Peter Podgursky

A native of Blackfoot, Idaho, Peter graduated from Idaho State University with a degree in Theatre. He went on to earn MFA in film production from the USC School of Cinematic Arts. In addition to working in the film industry, Peter has published coloring books based on the films A Trip to the Moon and Night of the Living Dead. He’s also the mastermind behind the @NPRmageddon twitter handle that imagines what public radio will be like after the apocalypse. He lives in Los Angeles.

Alter Films

CHEERBLEEDERS

Q & A

Name a Horror character you relate to on a spiritual/personal level?

Ash from the Evil Dead series. He’s like Sisyphus from Greek mythology who, as king of Corinth, became infamous for his general trickery and twice cheating death.
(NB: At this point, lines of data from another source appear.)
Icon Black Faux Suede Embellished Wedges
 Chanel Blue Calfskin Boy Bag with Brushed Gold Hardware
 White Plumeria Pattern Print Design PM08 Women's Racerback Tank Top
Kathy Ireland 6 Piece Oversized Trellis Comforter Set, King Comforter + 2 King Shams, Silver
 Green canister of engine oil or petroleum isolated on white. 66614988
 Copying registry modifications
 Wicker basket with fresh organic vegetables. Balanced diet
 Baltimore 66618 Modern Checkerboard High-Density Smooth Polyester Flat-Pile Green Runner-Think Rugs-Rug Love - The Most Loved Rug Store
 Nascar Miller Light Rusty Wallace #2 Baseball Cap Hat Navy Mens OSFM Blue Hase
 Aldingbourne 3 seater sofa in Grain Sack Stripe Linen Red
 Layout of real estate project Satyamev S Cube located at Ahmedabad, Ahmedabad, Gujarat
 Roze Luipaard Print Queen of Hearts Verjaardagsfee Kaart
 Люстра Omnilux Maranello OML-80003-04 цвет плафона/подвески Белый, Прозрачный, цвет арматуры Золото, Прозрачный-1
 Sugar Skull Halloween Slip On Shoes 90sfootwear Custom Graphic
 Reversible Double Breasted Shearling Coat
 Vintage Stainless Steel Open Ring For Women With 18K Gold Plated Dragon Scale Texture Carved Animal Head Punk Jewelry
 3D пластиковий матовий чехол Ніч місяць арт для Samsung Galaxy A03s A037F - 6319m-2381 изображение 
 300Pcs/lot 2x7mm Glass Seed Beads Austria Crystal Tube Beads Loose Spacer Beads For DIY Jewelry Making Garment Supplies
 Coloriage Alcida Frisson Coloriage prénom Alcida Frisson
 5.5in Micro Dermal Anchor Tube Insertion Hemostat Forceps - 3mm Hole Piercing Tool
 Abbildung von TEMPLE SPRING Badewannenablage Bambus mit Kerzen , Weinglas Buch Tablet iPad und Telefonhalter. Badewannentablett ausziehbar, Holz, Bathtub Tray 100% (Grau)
Zeus dealt him the eternal punishment of forever rolling a boulder up a hill in the depths of Hades. Philosopher Albert Camus saw Sisyphus as the absurd hero who lives life to the fullest, hates death, and is condemned to a meaningless task. That sounds like Ash to me. At least he’s having a good time in the process. I can relate.

You’ve gotta go through some bad ideas to get to the good ones. Tell us one of your bad ideas. How do you get past the bad ones to find your spark?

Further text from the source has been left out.